## WHAT THE TASK ASKS:
An exact copy is needed of the lines in the entries below from the line with "Duo's Mixed Emotions Pin" up to and including the line with "I Don’t Want", and of nothing else. Leave the pictures out.

————————

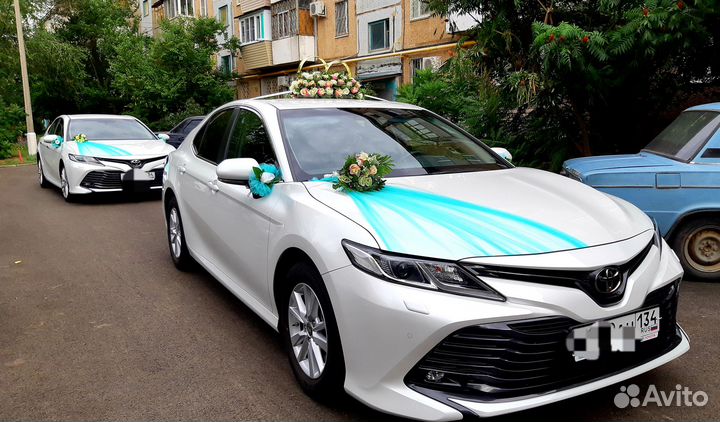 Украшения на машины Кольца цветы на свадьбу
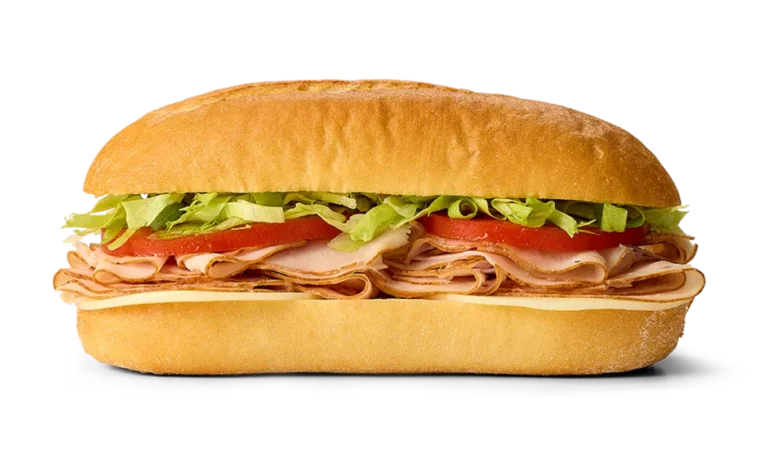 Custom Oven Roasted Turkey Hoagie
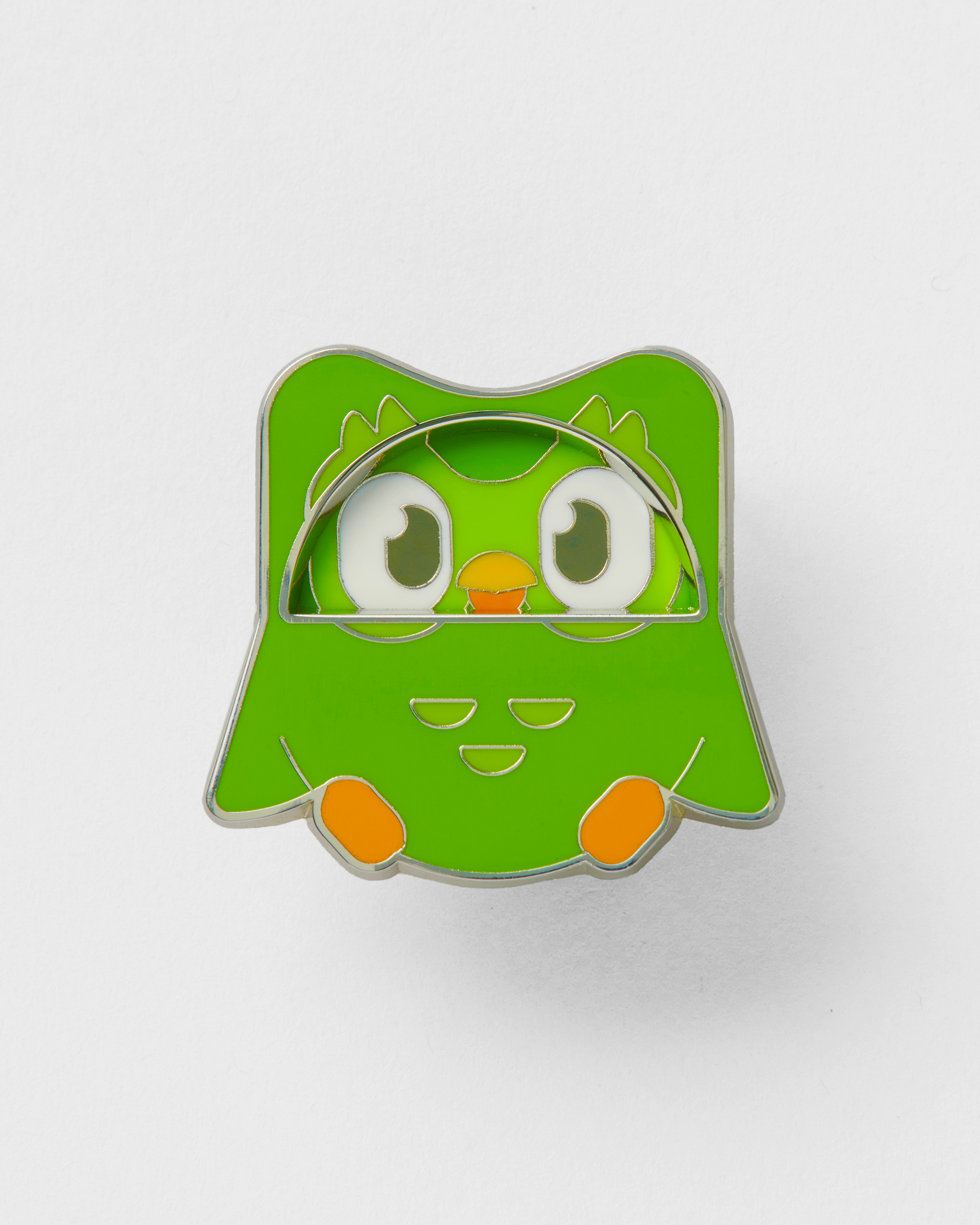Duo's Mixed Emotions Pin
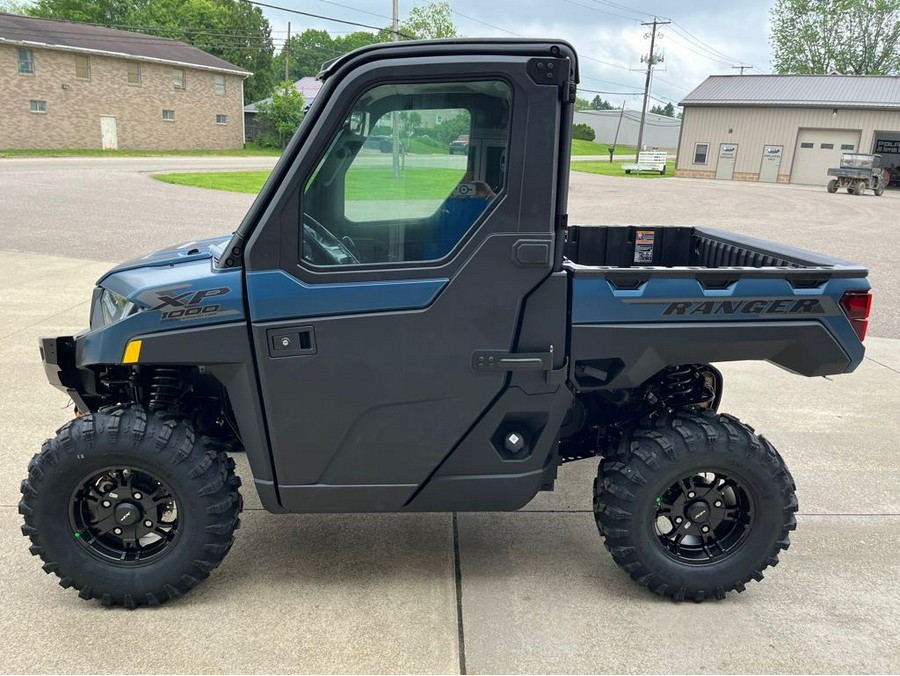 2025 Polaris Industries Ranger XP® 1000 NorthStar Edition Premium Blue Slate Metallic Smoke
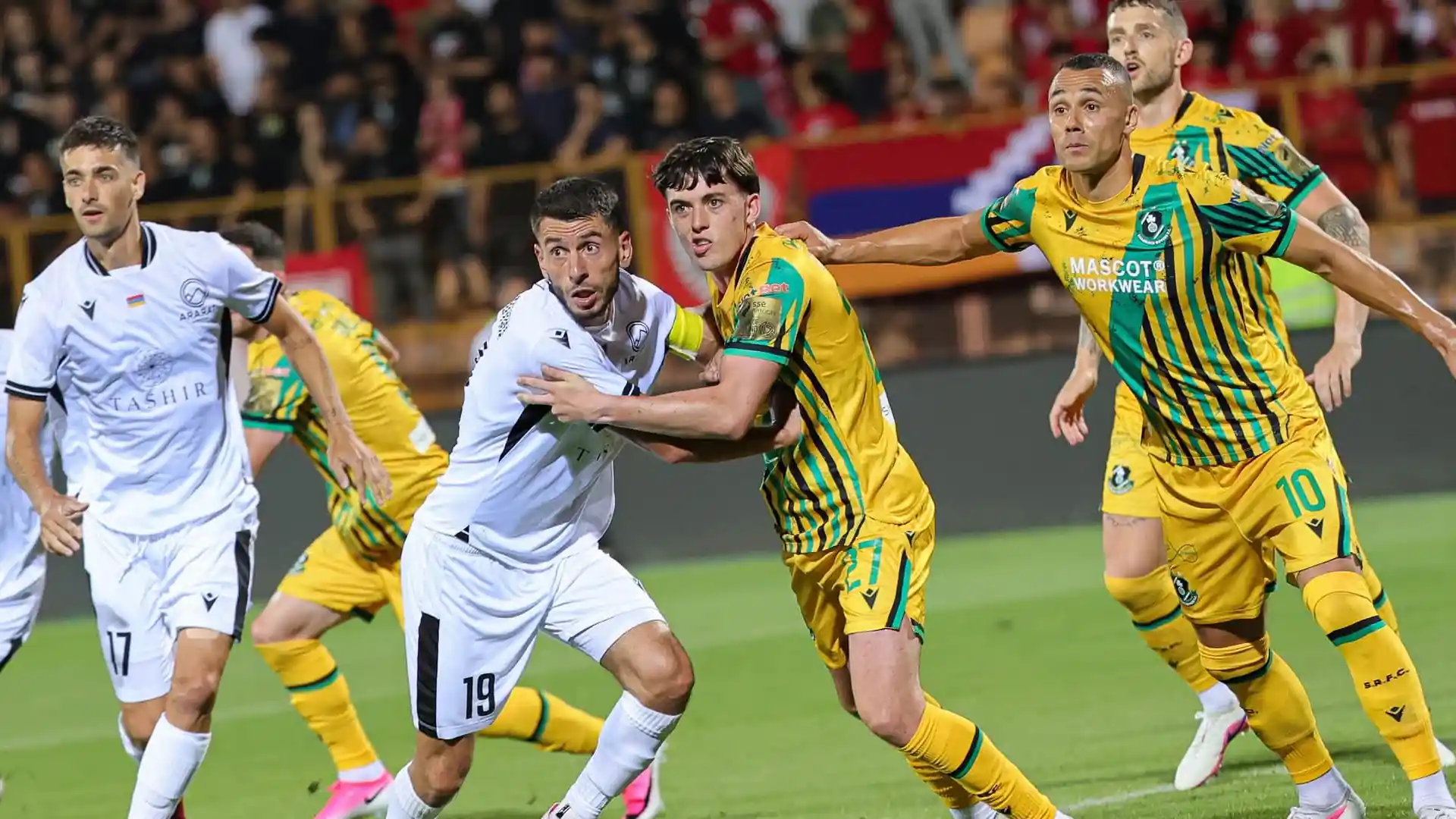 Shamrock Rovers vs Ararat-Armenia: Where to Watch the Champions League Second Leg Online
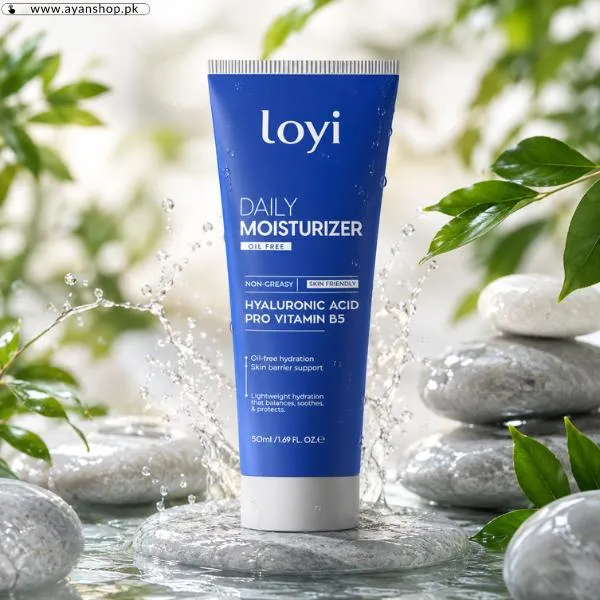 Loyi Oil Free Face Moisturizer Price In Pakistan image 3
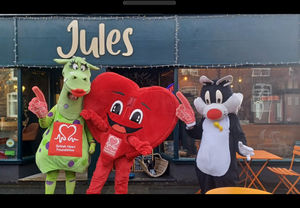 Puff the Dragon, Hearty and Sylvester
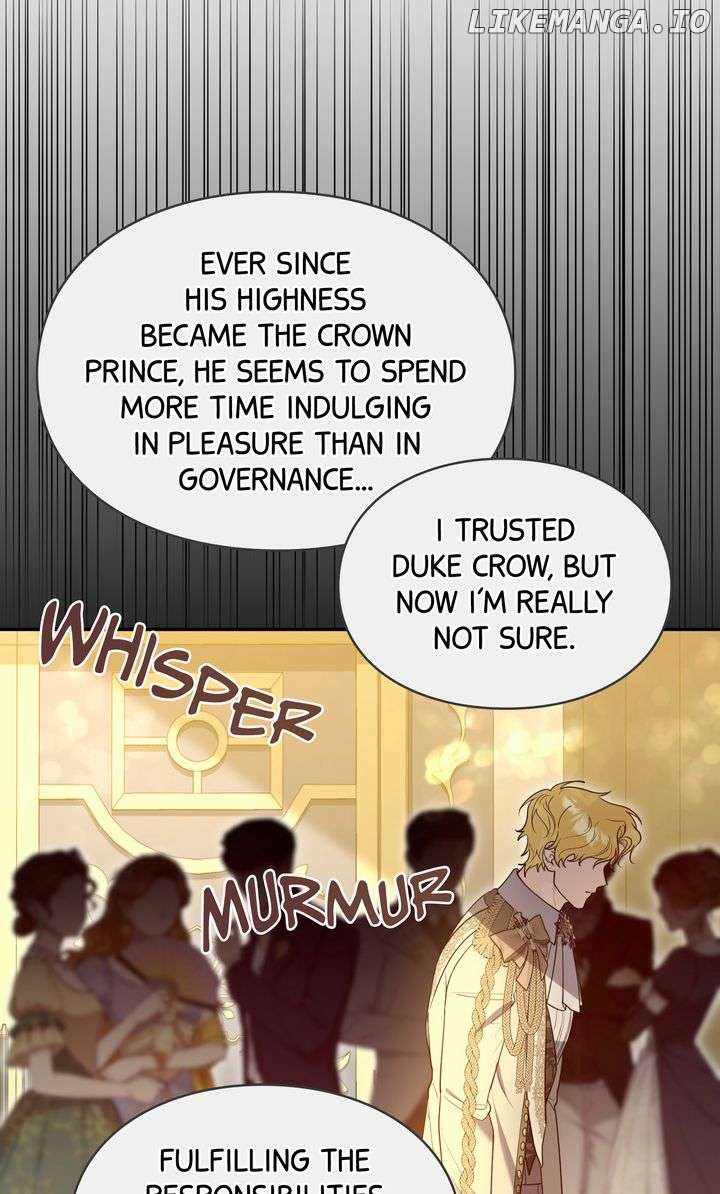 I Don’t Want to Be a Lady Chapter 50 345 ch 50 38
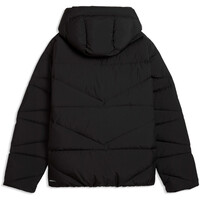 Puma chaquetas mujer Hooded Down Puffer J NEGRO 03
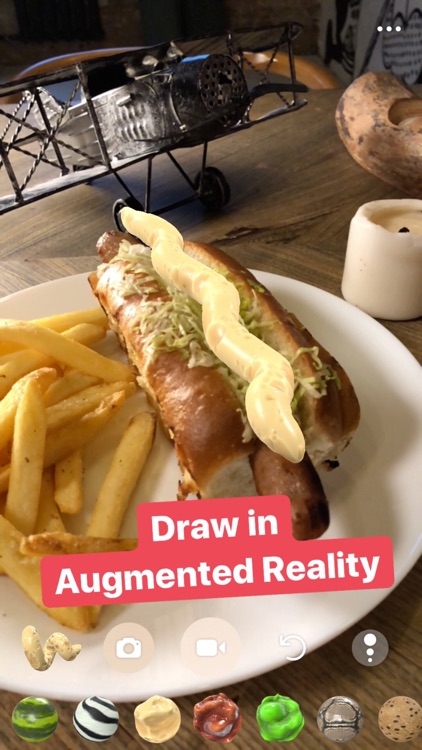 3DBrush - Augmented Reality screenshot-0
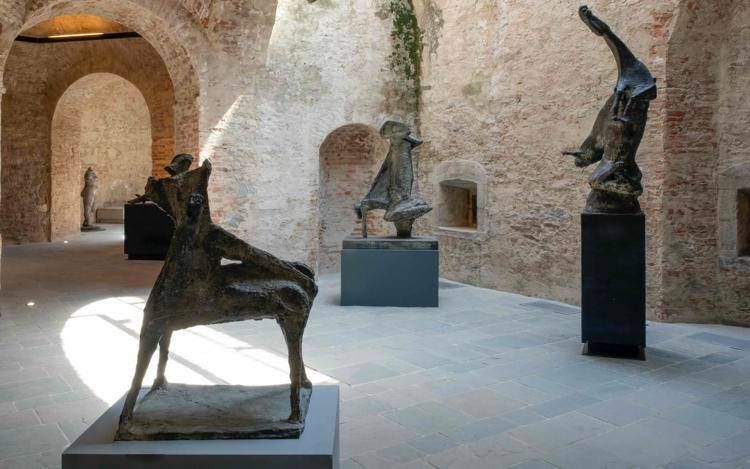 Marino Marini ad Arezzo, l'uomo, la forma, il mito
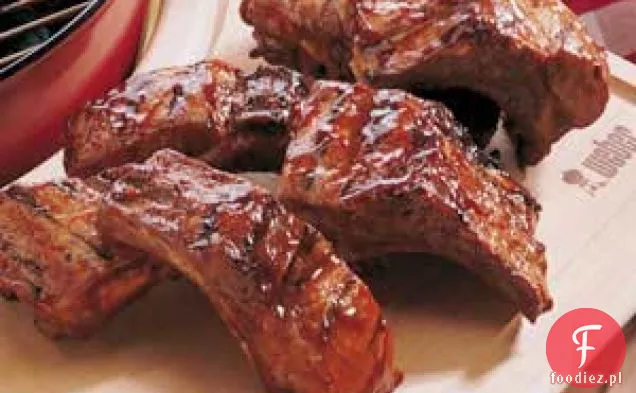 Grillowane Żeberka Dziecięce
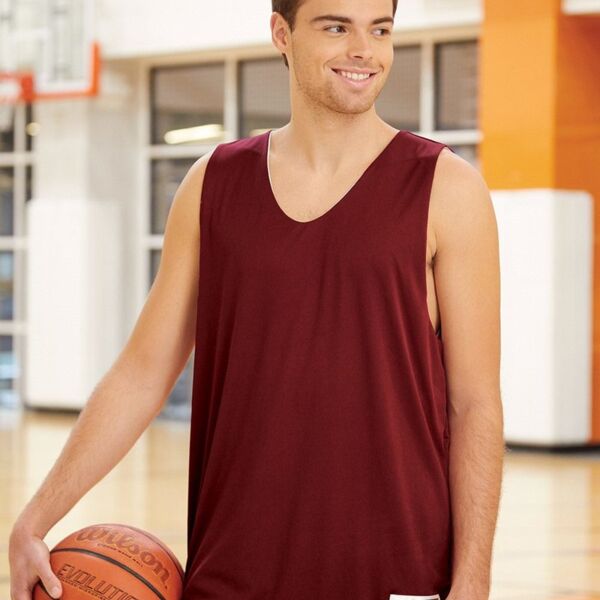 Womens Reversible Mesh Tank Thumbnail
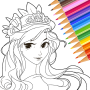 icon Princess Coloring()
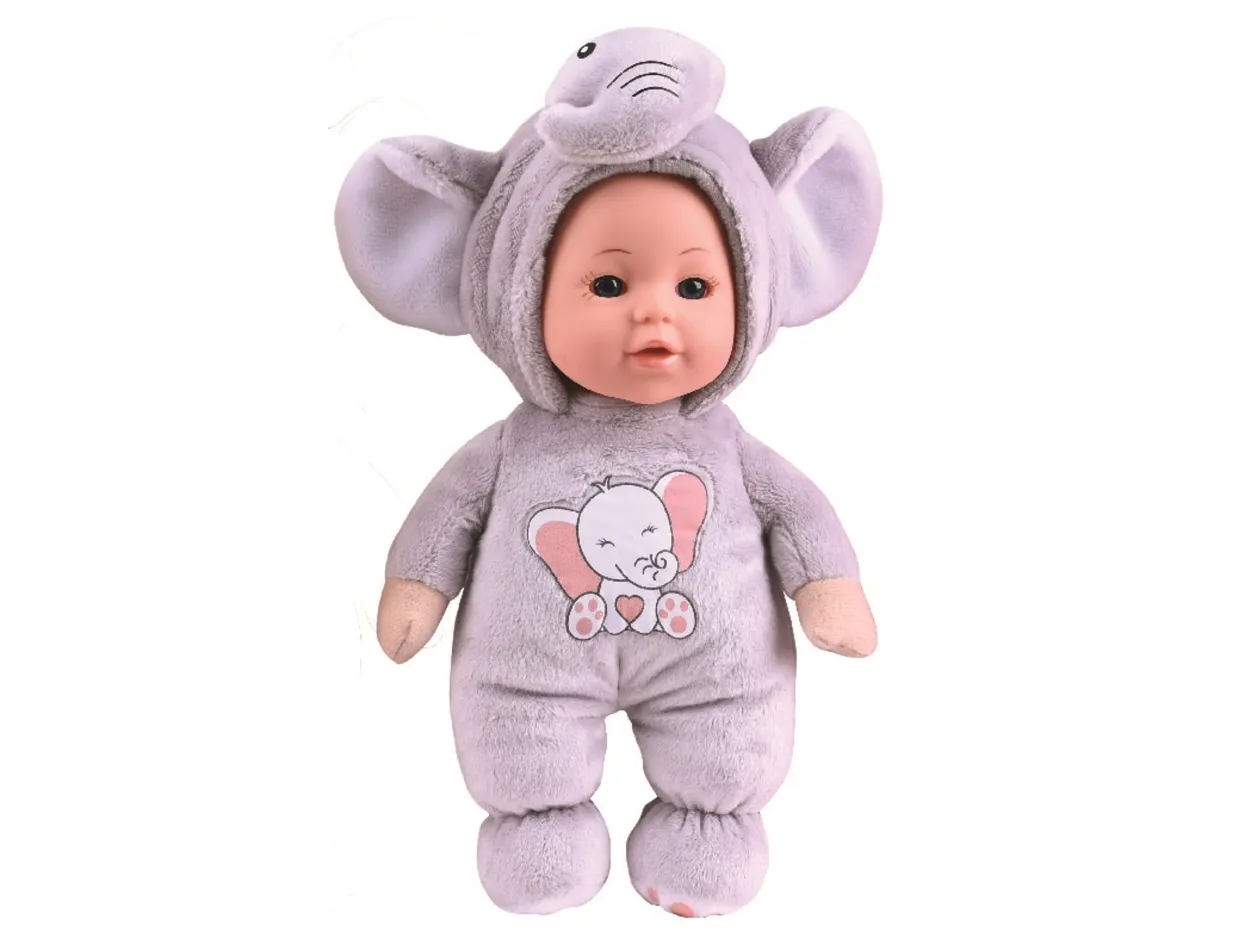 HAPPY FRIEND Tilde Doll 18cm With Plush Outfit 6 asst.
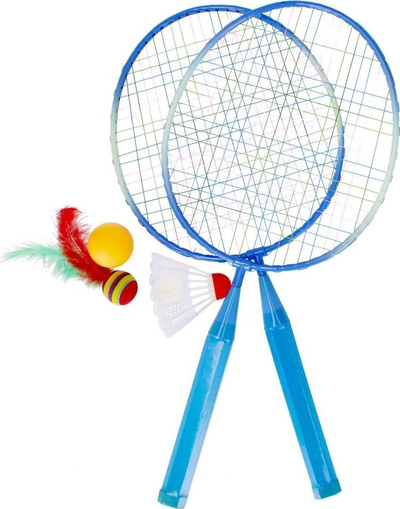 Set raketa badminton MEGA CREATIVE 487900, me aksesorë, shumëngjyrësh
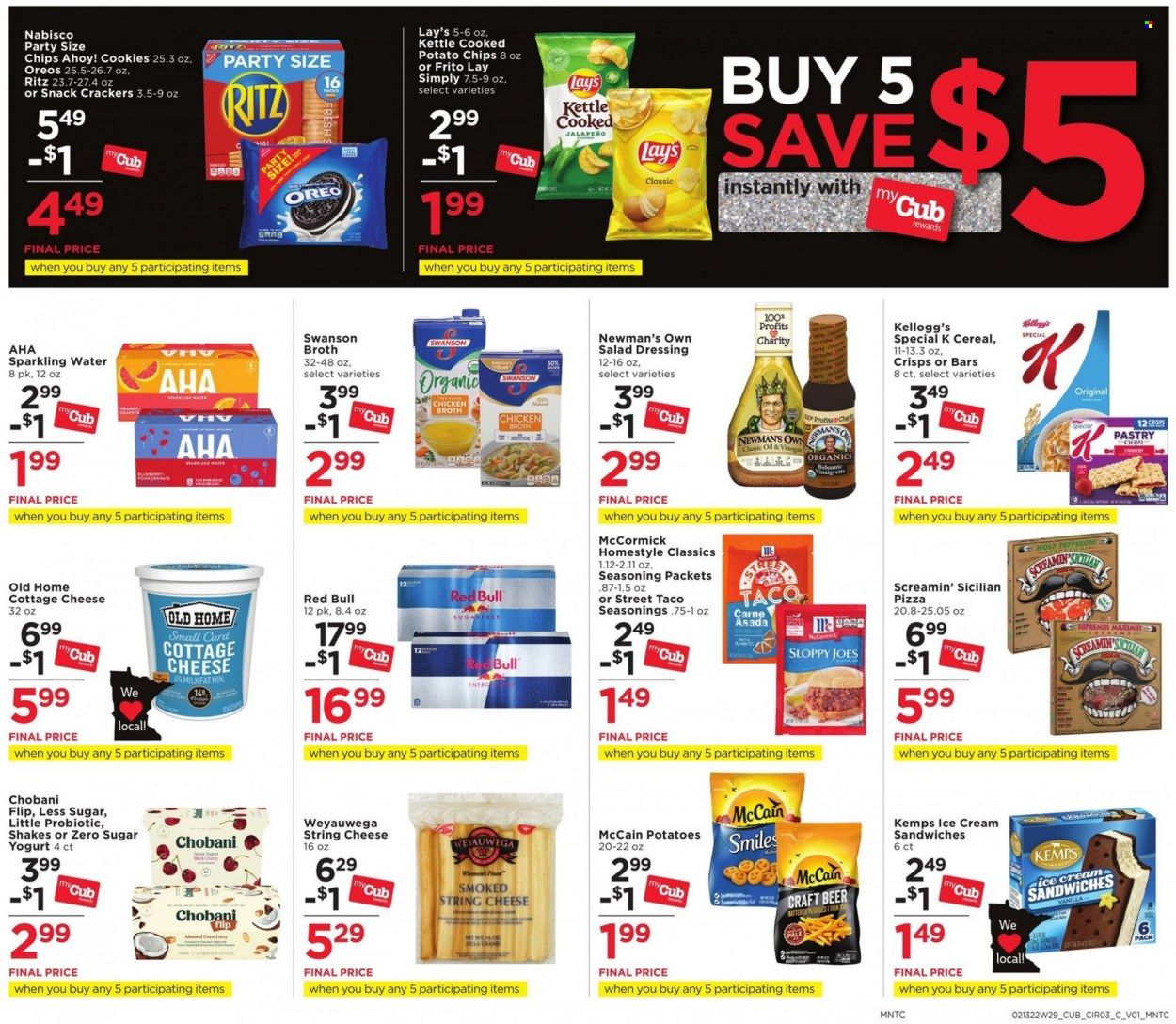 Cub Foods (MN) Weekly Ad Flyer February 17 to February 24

————————

## RESULT OF THE TASK:
Duo's Mixed Emotions Pin
 2025 Polaris Industries Ranger XP® 1000 NorthStar Edition Premium Blue Slate Metallic Smoke
 Shamrock Rovers vs Ararat-Armenia: Where to Watch the Champions League Second Leg Online
 Loyi Oil Free Face Moisturizer Price In Pakistan image 3
 Puff the Dragon, Hearty and Sylvester
 I Don’t Want to Be a Lady Chapter 50 345 ch 50 38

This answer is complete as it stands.